> ACTION ITEM
Your answer should hold the data exactly as given, minus any picture.

(Saved data entries)
....................
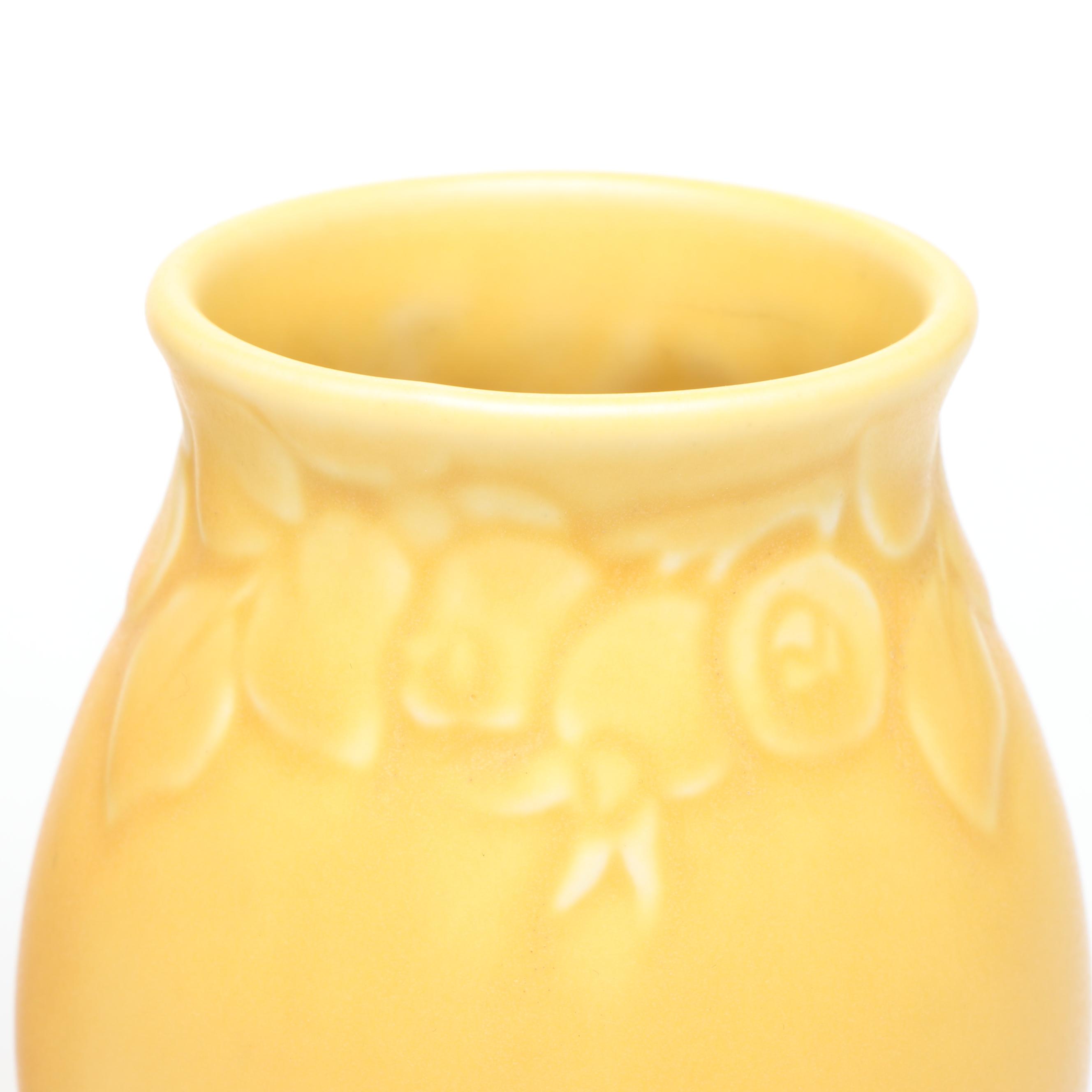 Rookwood Pottery Matte Glaze Production Vases, 1930s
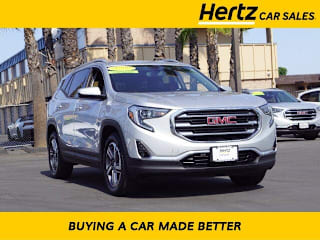 2019 GMC Terrain SLT 3GKALVEV9KL205954 2019 GMC Terrain SLT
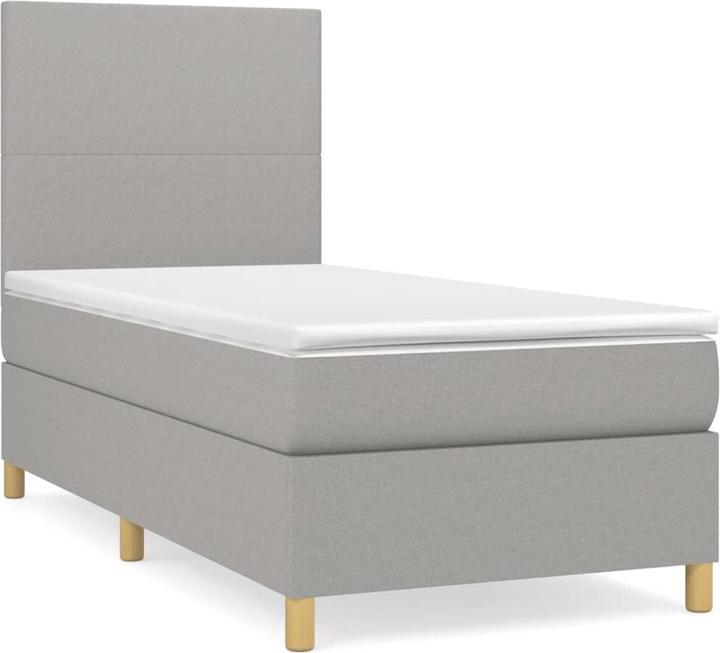 Produktbild vidaXL Boxspringbett (100 x 200 cm)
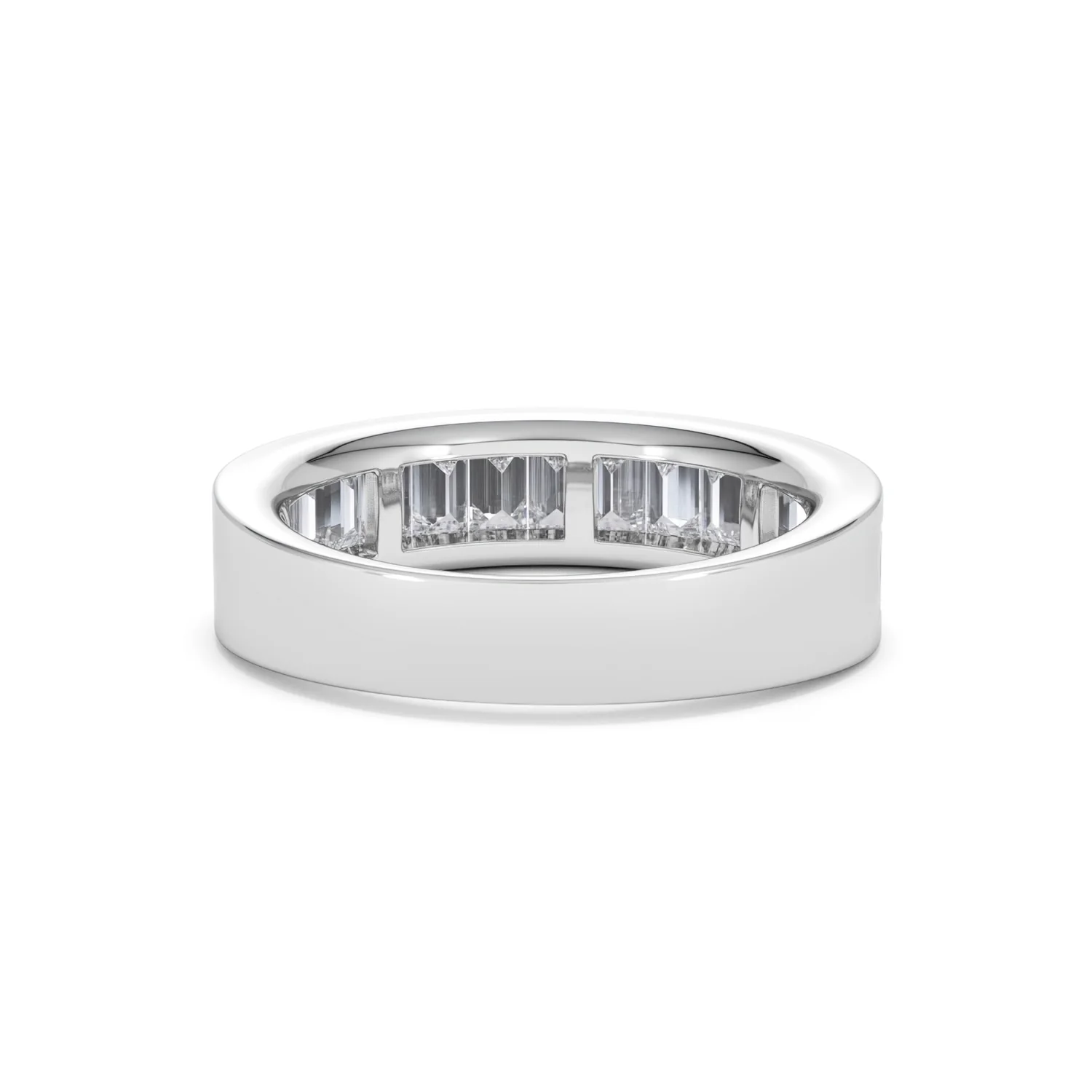 Grace Platinum Diamond Eternity Ring 1.50CT H/SI - Image 46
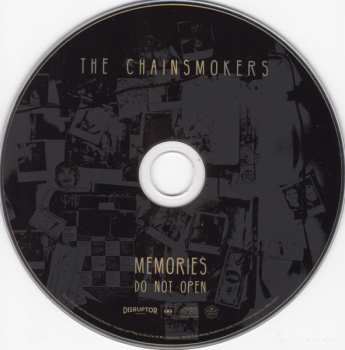 CD The Chainsmokers: Memories...Do Not Open 605591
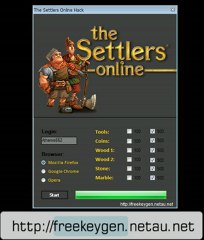 The Settlers Online Hack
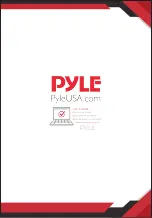 Preview for 14 page of Pyle PDWM2120 User Manual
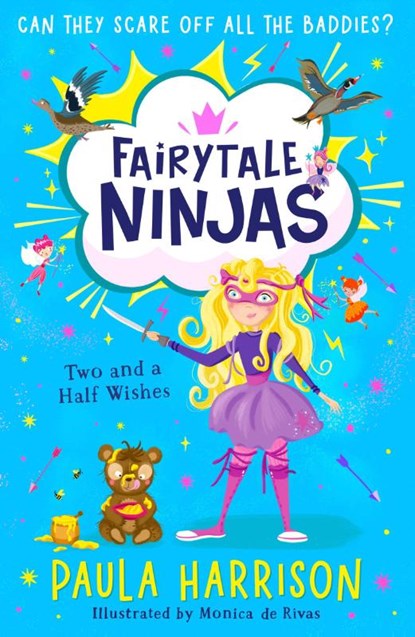 Two and a Half Wishes, Paula Harrison - Paperback - 9780008583019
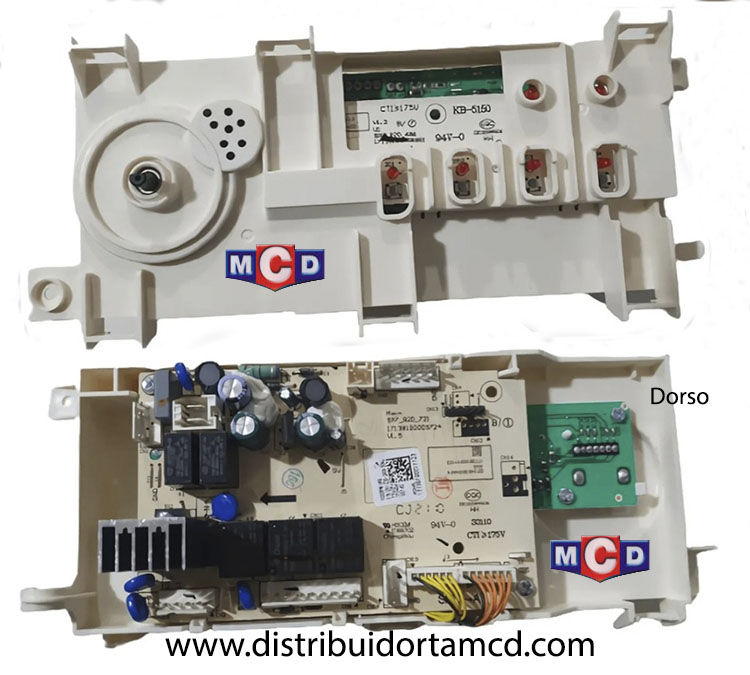 PLAQUETA DE MANDOS PHILCO PH LF080B/03/04-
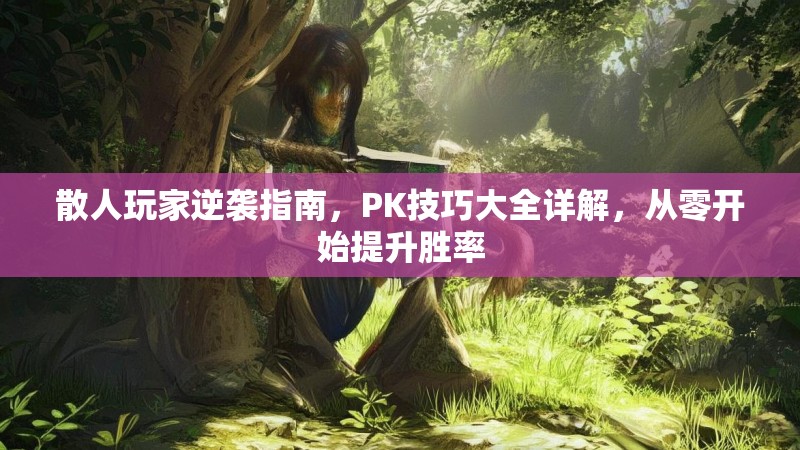 散人玩家逆袭指南，PK技巧大全详解，从零开始提升胜率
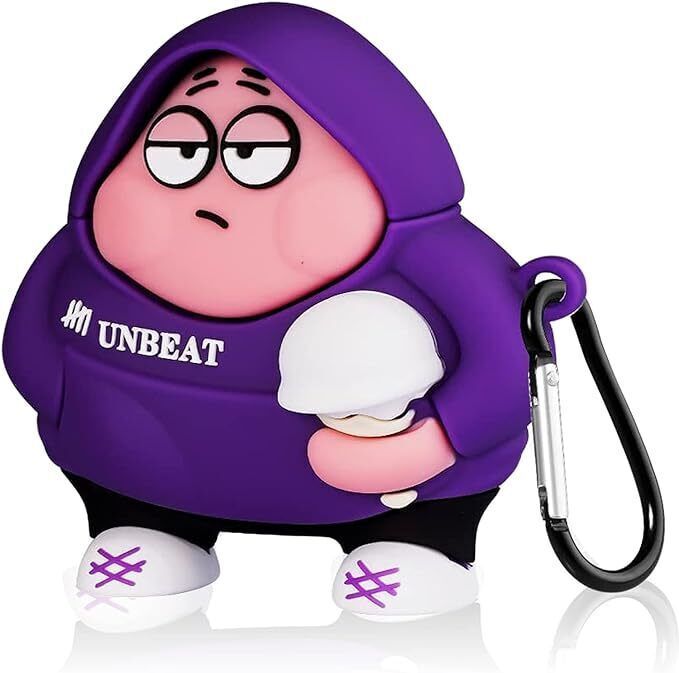 ZAGART Silicone Press and Release Headphone Case For Apple Airpods Pro 2nd Generation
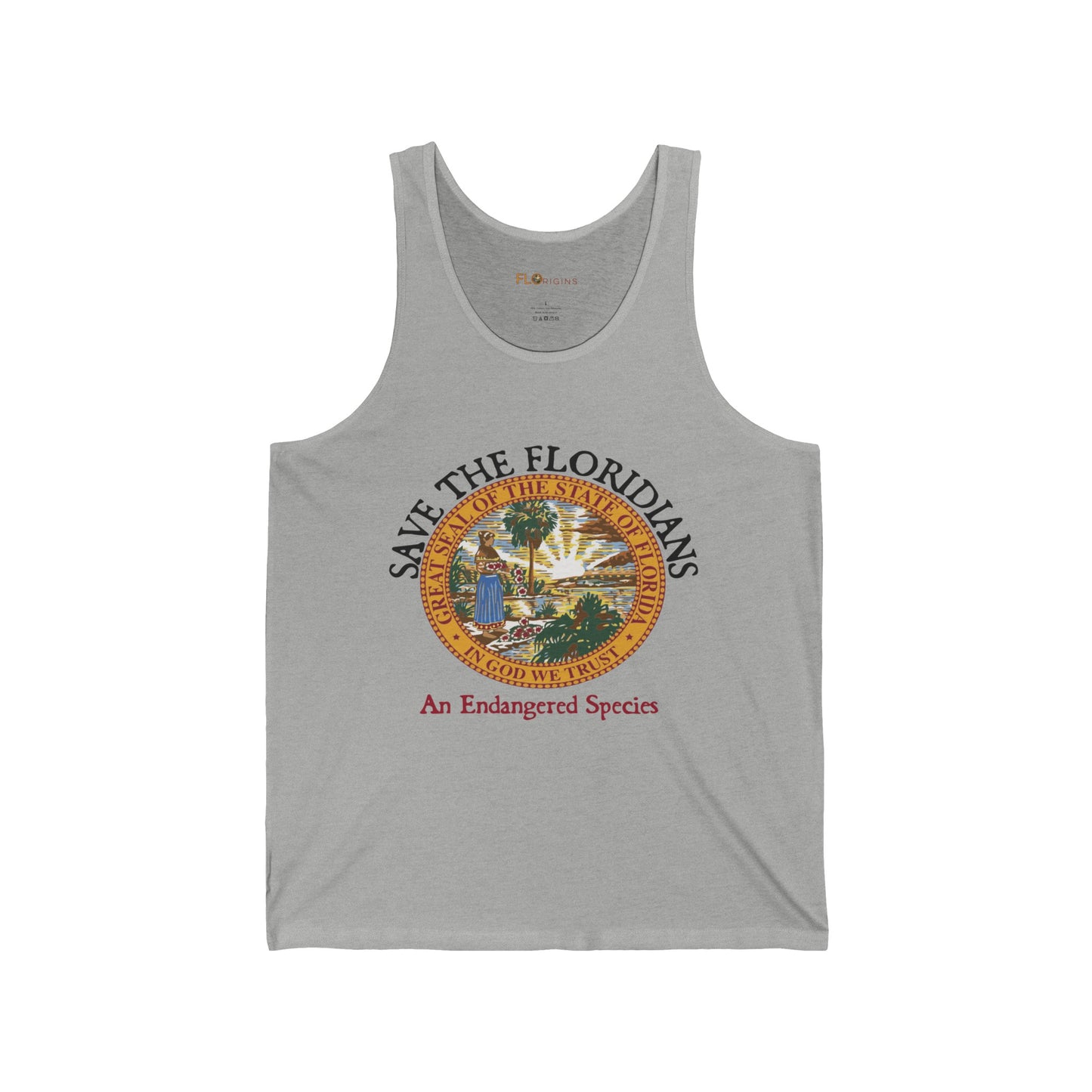 Save the Floridians Tank (Front Design)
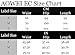 AOWEER Womens High Waisted Cargo Pants Pockets Casual Loose Combat Twill Trousers Girls # Black S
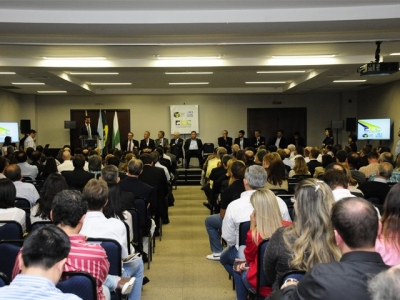 Abertura da TFB 2014 contou com a presença do governador do Estado do Paraná, Beto Richa.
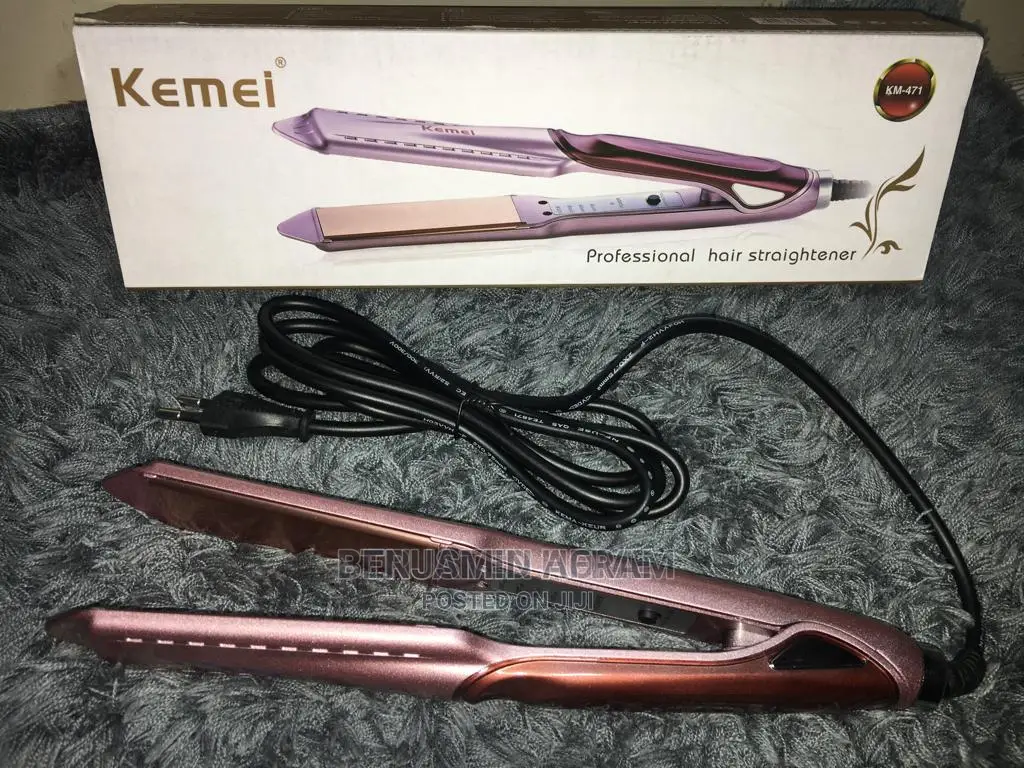 Best Kemei Hair Straightener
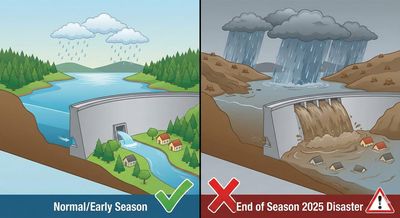Thủy điện xả lũ nguy hiểm nhất là 'bên nào cũng đúng'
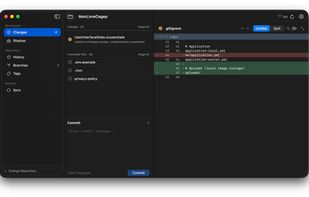 GitFlow screenshot 2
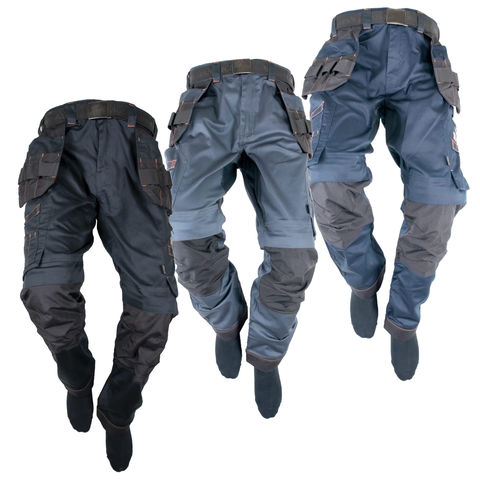 Unbreakable Reflex Pro Stretch Holster Men's Work Trousers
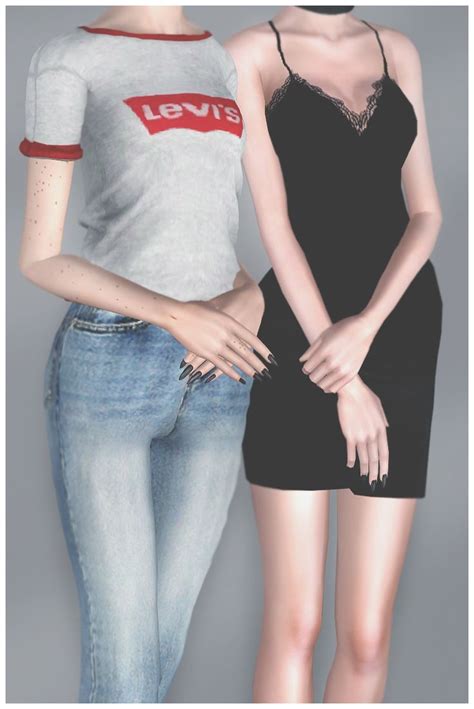 Opsims Evb Clothing Jeans Mini Collection Sims 3 Sims 3 Cc
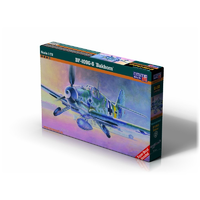 Mistercraft 1/72 BF-109G-5 Bakhorn Plastic Model Kit C-107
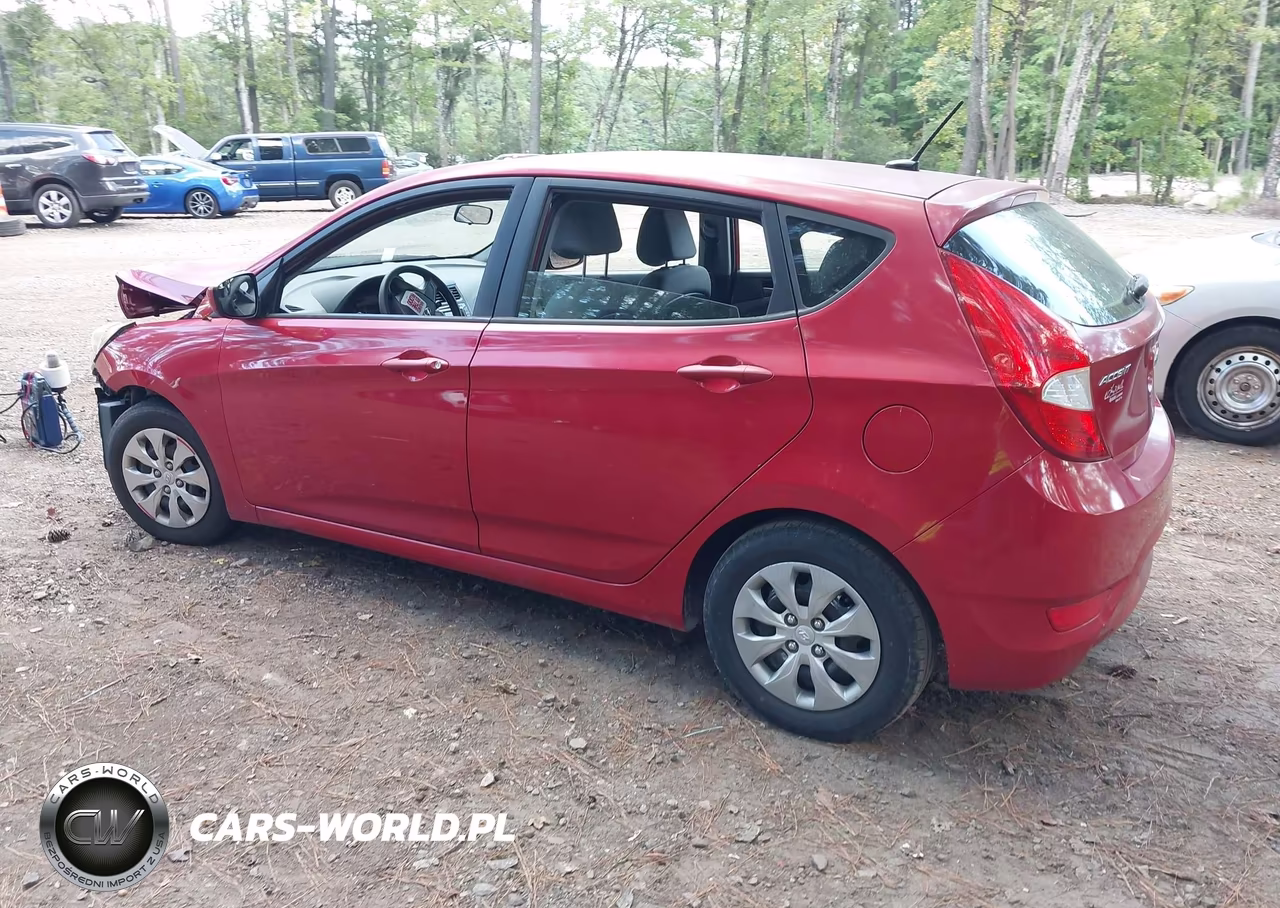 2015 Hyundai Accent Gs VIN:KMHCT5AE9FU227468 - 3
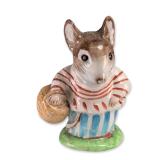 Beswick Beatrix Potter Mrs Tittlemouse Figurine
....................
> RESULT BELOW
 Rookwood Pottery Matte Glaze Production Vases, 1930s
 2019 GMC Terrain SLT 3GKALVEV9KL205954 2019 GMC Terrain SLT
 Produktbild vidaXL Boxspringbett (100 x 200 cm)
 Grace Platinum Diamond Eternity Ring 1.50CT H/SI - Image 46
 CD The Chainsmokers: Memories...Do Not Open 605591
 The Settlers Online Hack
 Preview for 14 page of Pyle PDWM2120 User Manual
 Two and a Half Wishes, Paula Harrison - Paperback - 9780008583019
 PLAQUETA DE MANDOS PHILCO PH LF080B/03/04-
 散人玩家逆袭指南，PK技巧大全详解，从零开始提升胜率
 ZAGART Silicone Press and Release Headphone Case For Apple Airpods Pro 2nd Generation
 Save the Floridians Tank (Front Design)
 AOWEER Womens High Waisted Cargo Pants Pockets Casual Loose Combat Twill Trousers Girls # Black S
 Abertura da TFB 2014 contou com a presença do governador do Estado do Paraná, Beto Richa.
 Best Kemei Hair Straightener
Thủy điện xả lũ nguy hiểm nhất là 'bên nào cũng đúng'
 GitFlow screenshot 2
 Unbreakable Reflex Pro Stretch Holster Men's Work Trousers
 Opsims Evb Clothing Jeans Mini Collection Sims 3 Sims 3 Cc
 Mistercraft 1/72 BF-109G-5 Bakhorn Plastic Model Kit C-107
 2015 Hyundai Accent Gs VIN:KMHCT5AE9FU227468 - 3
 Beswick Beatrix Potter Mrs Tittlemouse Figurine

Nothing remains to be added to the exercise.